Disney Just Pulled a ‘Game of Thrones’ Move on DeSantis with a Bizarre Royal Mortality Clause
House Tyrell would be proud: As Gov. DeSantis attempts to strip Disney World of self-governance, he’s thwarted by a document that invokes the Royal Family.
The great Disney World vs. Florida Gov. Ron DeSantis War has seen plenty of twists and turns, but here’s one that invokes the British Royal Family.
In February, the Florida House of Representatives passed a bill to take control Disney World’s special tax district, ending decades of Walt Disney Corp. operating the park under a self-governance status. However, according to the Orlando Sentinel, on February 8 — the day before the legislature would install the DeSantis-appointed “Central Florida Tourism Oversight District” — the board of the Disney tax district executed a power move worthy of the House Tyrell.

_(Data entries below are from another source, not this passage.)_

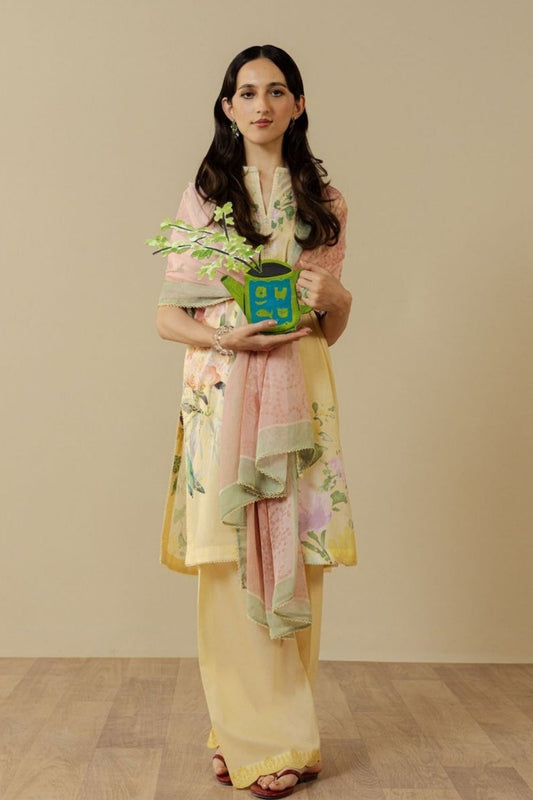 Zara Shahjahan 3 Pc Unstitched  Printed Lawn Suit Avena-3B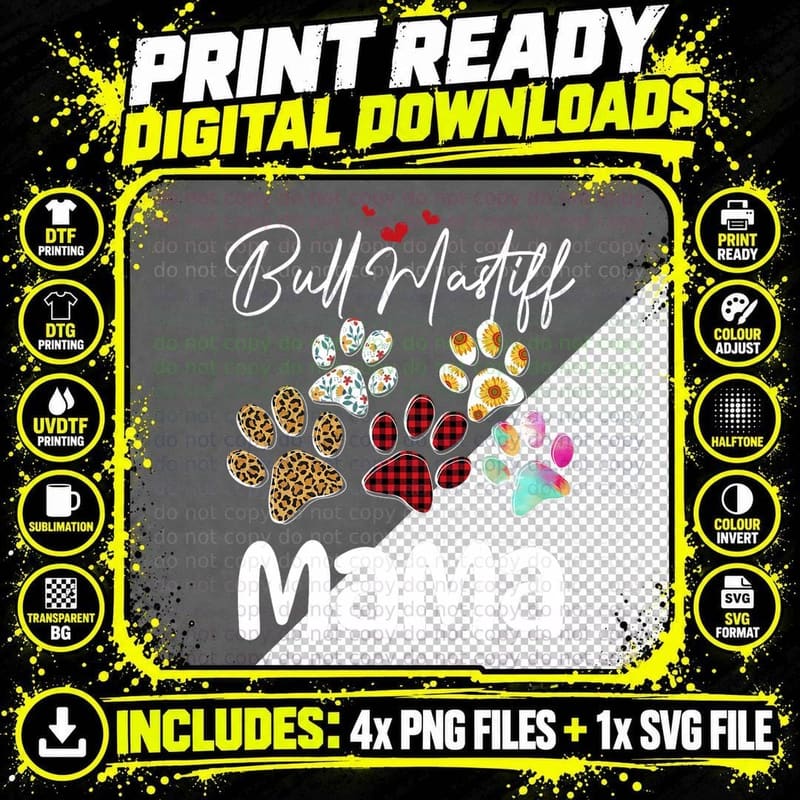 Bull Mastiff Mama Shirt - Bull Mastiff Lover Png SVG Digital Bundle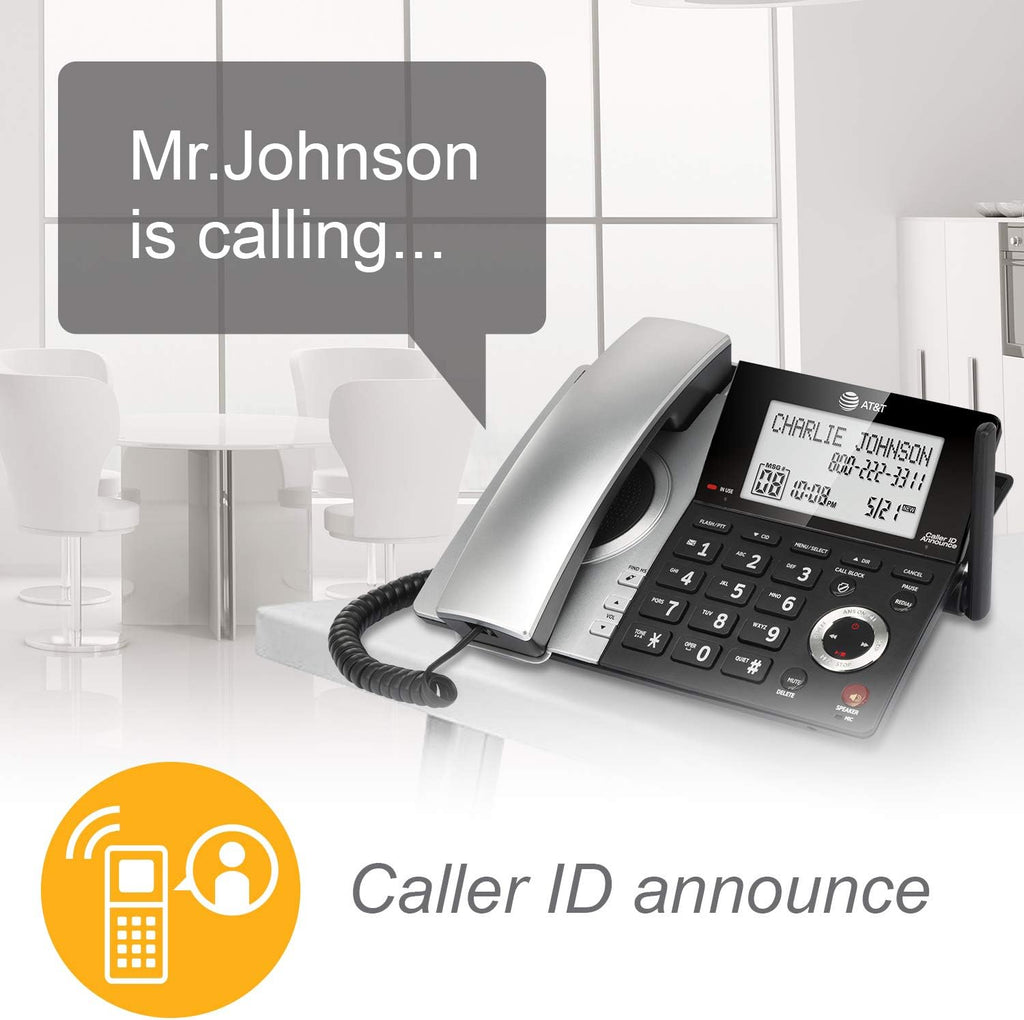 Black/Silver DECT 6.0 Corded/Cordless Phone with 1 Handset R1399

It approved a 30-year development agreement that effectively renders the CFTOD powerless, according to its attorneys. Under the agreement, Disney can build high-density projects and buildings of any height and sell or assign development rights, all without board approval. It even bans the board from using the Disney name or “fanciful characters such as Mickey Mouse.”
“Game of Thrones” is a fantasy show (and one that doesn’t belong to Disney), but the studio went so far as to bring in real-life royalty into its plan with a clause that declares the agreement valid until “21 years after the death of the last survivor of the descendants of King Charles III, king of England.” In lay terms, the CFTOD board would need to wait out the lifespans of King Charles, his sons William and Harry, five grandchildren, and any other progeny — and then wait 21 years — for the agreement to expire.
Is the Royal Family’s bloodline Disney’s very bizarre way of nodding to the Magic Kingdom and its lucrative Disney Princesses? Maybe! (Disney did not respond to an email seeking comment.) The Royal Lives clause is a contractual clause that dates back to 1692 Britain, and is most often used in the UK; in the states, it’s more often utilized as the Presidents’ Lives clause.
It’s most commonly seen in trusts as a way to avoid rules against perpetuities in common law. The “21 years later” timeline comes from the stipulation that legal documents transferring property ownership are void 21 years after the death of its primary recipient. The Royal Lives clause lets attorneys establish a window of time that would never expire.
According to an unsigned statement from Disney obtained by the Sentinel: “All agreements signed between Disney and the district were appropriate and were discussed and approved in open, noticed public forums in compliance with Florida’s Government in the Sunshine law.”
Disney’s development agreement is certainly a creative way to block DeSantis and his board, but they are not amused. According to the Sentinel, the district’s lawyers gave a legal presentation March 29 announcing that they would bring legal action against Disney.
“We’re going to have to deal with it and correct it,” board member Brian Aungst Jr. said during the presentation, according to the Sentinel. “It’s a subversion of the will of the voters and the Legislature and the governor. It completely circumvents the authority of this board to govern.”
The legal spat between Disney and Florida began a year ago when Disney’s then-CEO Bob Chapek criticized the DeSantis’ Parental Rights in Education Law, which forbids discussion of sexual orientation or gender identity in schools. Chapek initially stayed silent on the so-called “Don’t Say Gay” bill and only publicly opposed it after employees staged walkouts. The reversal led DeSantis to repeal the act that permitted DisneyWorld’s self governance, which was first established in 1967.
Disney didn’t retain all of their rights. According to the Sentinel, Disney will no longer be able to tax itself to cover park services — the primary point of contention in DeSantis’ bid to seize control of the district. Even royal intrigue has its limits.